Random Freezes in Linux (multiple distros) but not in Win10

I'm not a complete newbie (toying with linux for 20 years off and on) but never really got deep into the OS or it's workings. I've again decided to give it a go as my main OS, but I'm running into some issues with random freezes.

I have experienced this in Mint, Ubuntu, and now Manjaro (as I've tried to decide which distro I want to run with). I have not been able to identify any specific activity as a cause. I am fairly confident that the hardware is fine as I have no problems in Win10. I also ran memtest for about 10 hours with no errors. I think that it's most likely related to video drivers.

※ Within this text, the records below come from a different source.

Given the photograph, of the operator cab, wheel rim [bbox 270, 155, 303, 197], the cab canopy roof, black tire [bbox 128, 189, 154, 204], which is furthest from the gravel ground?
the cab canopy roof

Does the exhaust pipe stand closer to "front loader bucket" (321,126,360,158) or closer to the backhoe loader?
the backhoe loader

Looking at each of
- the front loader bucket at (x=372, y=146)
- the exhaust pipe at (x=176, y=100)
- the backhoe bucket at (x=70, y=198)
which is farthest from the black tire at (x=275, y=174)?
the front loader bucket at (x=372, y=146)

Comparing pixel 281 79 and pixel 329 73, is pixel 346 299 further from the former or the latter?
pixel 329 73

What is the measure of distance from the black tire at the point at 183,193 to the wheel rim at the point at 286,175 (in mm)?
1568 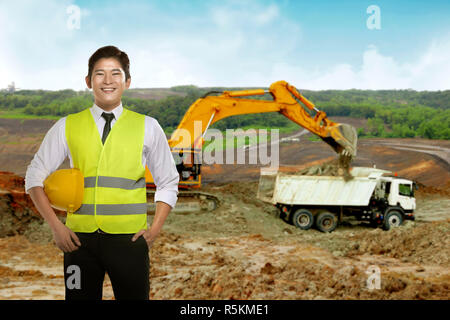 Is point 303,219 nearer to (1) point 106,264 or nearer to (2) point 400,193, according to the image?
(2) point 400,193

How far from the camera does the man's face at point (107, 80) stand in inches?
77.1

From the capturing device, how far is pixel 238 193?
16.3 m

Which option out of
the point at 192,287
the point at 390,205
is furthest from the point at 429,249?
the point at 192,287

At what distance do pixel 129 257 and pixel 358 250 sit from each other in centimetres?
789

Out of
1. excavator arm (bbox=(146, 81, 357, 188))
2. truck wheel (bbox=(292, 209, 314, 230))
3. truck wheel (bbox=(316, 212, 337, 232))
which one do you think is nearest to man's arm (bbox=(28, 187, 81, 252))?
excavator arm (bbox=(146, 81, 357, 188))

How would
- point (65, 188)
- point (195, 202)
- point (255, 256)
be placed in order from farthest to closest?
1. point (195, 202)
2. point (255, 256)
3. point (65, 188)

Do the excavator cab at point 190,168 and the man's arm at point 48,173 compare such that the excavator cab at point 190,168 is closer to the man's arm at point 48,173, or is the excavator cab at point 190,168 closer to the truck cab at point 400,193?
the truck cab at point 400,193

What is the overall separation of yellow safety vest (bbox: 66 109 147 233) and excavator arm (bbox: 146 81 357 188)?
28.6 ft

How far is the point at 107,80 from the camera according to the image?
196 cm

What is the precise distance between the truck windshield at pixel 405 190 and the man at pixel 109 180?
36.5ft

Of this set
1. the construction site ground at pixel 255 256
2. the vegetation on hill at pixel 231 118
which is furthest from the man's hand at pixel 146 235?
the vegetation on hill at pixel 231 118

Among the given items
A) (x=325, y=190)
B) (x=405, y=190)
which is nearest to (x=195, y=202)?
(x=325, y=190)

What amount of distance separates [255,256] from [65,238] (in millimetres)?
6842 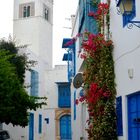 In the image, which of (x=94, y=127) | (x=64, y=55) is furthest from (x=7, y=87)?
(x=64, y=55)

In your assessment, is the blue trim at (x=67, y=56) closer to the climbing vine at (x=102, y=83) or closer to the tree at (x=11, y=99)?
the tree at (x=11, y=99)

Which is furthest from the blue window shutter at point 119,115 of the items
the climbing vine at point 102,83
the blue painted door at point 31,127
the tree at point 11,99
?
the blue painted door at point 31,127

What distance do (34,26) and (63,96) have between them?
805cm

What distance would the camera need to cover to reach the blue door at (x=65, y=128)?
138ft

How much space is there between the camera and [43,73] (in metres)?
40.9

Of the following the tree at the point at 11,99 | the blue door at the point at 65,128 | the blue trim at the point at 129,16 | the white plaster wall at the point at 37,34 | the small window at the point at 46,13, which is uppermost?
the small window at the point at 46,13

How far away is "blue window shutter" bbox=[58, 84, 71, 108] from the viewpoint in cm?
4247

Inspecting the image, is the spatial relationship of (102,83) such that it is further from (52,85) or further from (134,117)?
(52,85)

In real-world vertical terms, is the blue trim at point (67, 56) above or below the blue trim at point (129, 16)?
above

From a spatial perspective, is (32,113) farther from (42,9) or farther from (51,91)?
(42,9)

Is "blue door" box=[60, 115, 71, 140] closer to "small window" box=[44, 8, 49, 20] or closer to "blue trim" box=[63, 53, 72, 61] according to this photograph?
"blue trim" box=[63, 53, 72, 61]

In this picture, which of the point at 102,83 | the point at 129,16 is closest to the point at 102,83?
the point at 102,83

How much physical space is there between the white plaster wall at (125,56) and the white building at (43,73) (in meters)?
21.1

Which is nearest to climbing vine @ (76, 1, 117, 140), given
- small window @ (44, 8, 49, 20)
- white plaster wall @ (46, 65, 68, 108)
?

The way it looks when it freezes is not always exactly the same. Sometimes, the video and system just freeze, display unchanged. Sometimes the entire display freezes except the mouse cursor, until the cursor then freezes a couple seconds later. And a couple times I get a graphical glitch that looks like this. That screenshot may be from Mint, but it glitches about the same. The length of time the system stays up varies, but I've had it freeze before I could even enter my password at the login screen. One time I noticed that while it was frozen I was able to turn caps and numlocks on and off, but usually they are frozen too. What does happen every time is that shortly after the freeze, my monitor goes to sleep because it is not receiving any input.

So that is what I've been able to figure out so far, but I'm not sure where to go next as far as what logs I want to look at or anything.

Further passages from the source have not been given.